**WHAT TO WORK ON:**
Where does the string "Black" occur in the records? Copy each line that holds it.

::: PROVIDED RECORDS

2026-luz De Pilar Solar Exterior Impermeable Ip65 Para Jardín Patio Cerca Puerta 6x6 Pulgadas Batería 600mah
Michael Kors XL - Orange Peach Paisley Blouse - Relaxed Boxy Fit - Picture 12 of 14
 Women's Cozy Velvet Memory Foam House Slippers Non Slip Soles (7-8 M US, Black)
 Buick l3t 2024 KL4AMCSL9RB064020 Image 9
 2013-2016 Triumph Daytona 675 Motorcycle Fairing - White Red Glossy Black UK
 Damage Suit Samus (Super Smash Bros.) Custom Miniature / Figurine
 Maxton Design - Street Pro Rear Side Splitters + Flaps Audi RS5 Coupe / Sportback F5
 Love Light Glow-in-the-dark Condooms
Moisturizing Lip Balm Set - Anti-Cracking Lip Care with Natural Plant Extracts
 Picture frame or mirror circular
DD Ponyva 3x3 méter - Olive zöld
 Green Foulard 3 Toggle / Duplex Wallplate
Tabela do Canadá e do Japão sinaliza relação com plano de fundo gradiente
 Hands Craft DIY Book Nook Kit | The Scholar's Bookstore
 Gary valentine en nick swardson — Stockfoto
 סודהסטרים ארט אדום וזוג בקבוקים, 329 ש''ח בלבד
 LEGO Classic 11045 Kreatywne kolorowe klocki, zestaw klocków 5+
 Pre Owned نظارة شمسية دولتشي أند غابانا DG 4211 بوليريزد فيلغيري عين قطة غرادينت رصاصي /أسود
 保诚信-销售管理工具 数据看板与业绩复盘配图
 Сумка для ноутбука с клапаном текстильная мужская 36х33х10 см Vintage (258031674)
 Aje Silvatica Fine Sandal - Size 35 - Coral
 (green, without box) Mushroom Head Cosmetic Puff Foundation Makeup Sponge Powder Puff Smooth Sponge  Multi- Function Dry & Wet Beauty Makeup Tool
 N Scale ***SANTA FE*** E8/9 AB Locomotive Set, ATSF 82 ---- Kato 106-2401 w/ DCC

::::::

**TASK RESULT:**
 Women's Cozy Velvet Memory Foam House Slippers Non Slip Soles (7-8 M US, Black)
 2013-2016 Triumph Daytona 675 Motorcycle Fairing - White Red Glossy Black UK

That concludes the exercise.